The separation of contaminants from hydrocarbons is difficult and consequently significant work has been applied to the development of hydrocarbon/contaminant separation methods. These methods can be placed into three general classes: absorption by solvents (physical, chemical and hybrids), adsorption by solids, and distillation.
Separation by distillation of some mixtures can be relatively simple and, as such, is widely used in the natural gas industry. However, distillation of mixtures of natural gas hydrocarbons, primarily methane, and one of the most common contaminants in natural gas, carbon dioxide, can present significant difficulties. Conventional distillation principles and conventional distillation equipment are predicated on the presence of only vapor and liquid phases throughout the distillation tower. The separation of CO2 from methane by distillation involves temperature and pressure conditions that result in solidification of CO2 if a pipeline or better quality hydrocarbon product is desired. The required temperatures are cold temperatures typically referred to as cryogenic temperatures.

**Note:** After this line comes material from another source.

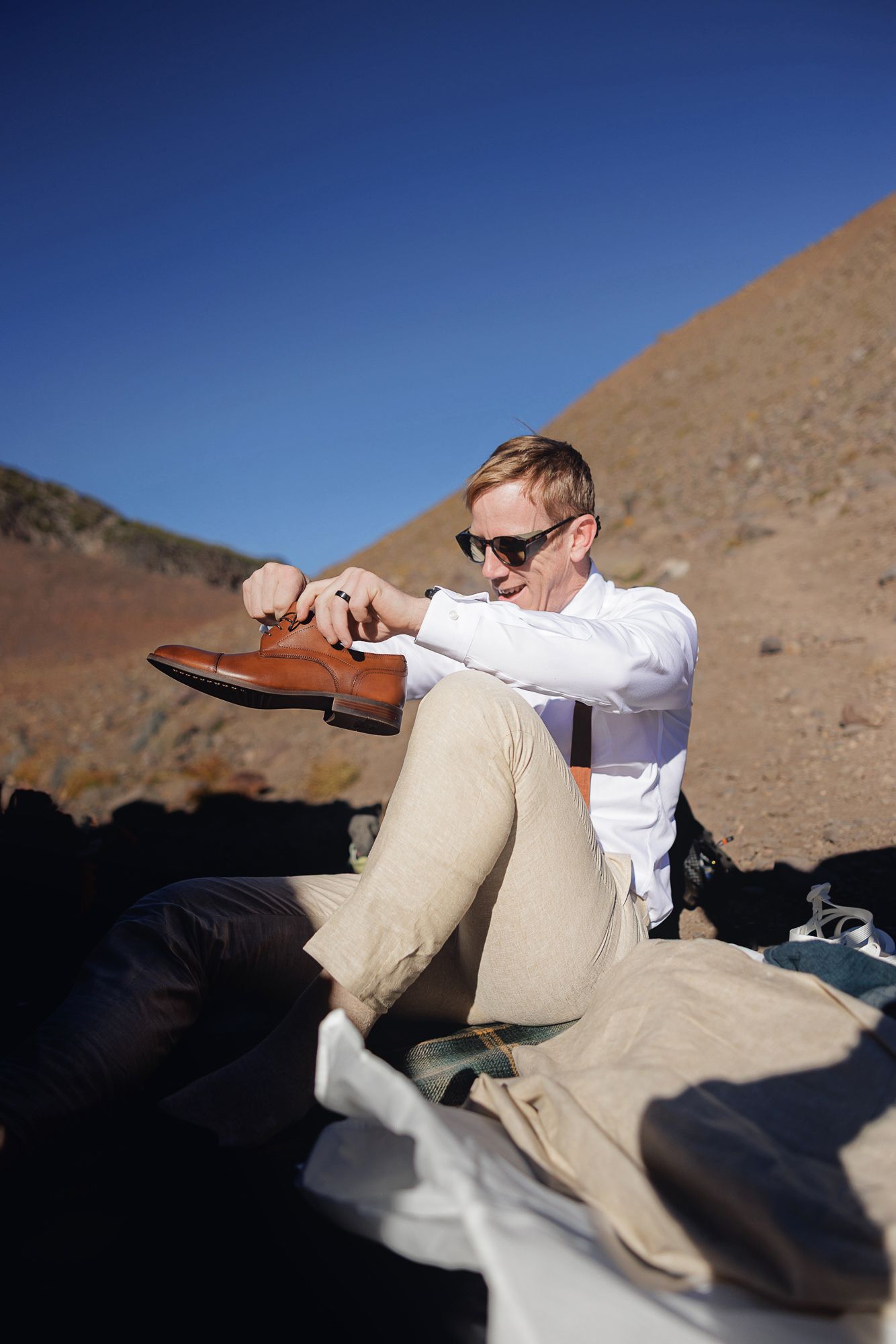 Man in sunglasses and a white shirt sits on a blanket in a desert landscape, holding a brown leather dress shoe under a clear blue sky.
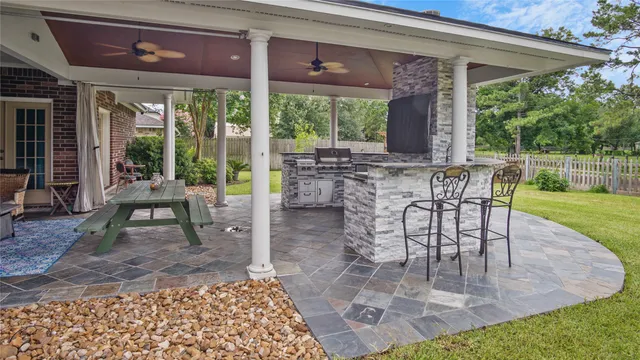 a view of a patio with a table chairs and a backyard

Certain cryogenic distillations can overcome the above mentioned difficulties. These cryogenic distillations provide the appropriate mechanism to handle the formation and subsequent melting of solids during the separation of solid-forming contaminants from hydrocarbons. The formation of solid contaminants in equilibrium with vapor-liquid mixtures of hydrocarbons and contaminants at particular conditions of temperature and pressure takes place in a controlled freeze zone section.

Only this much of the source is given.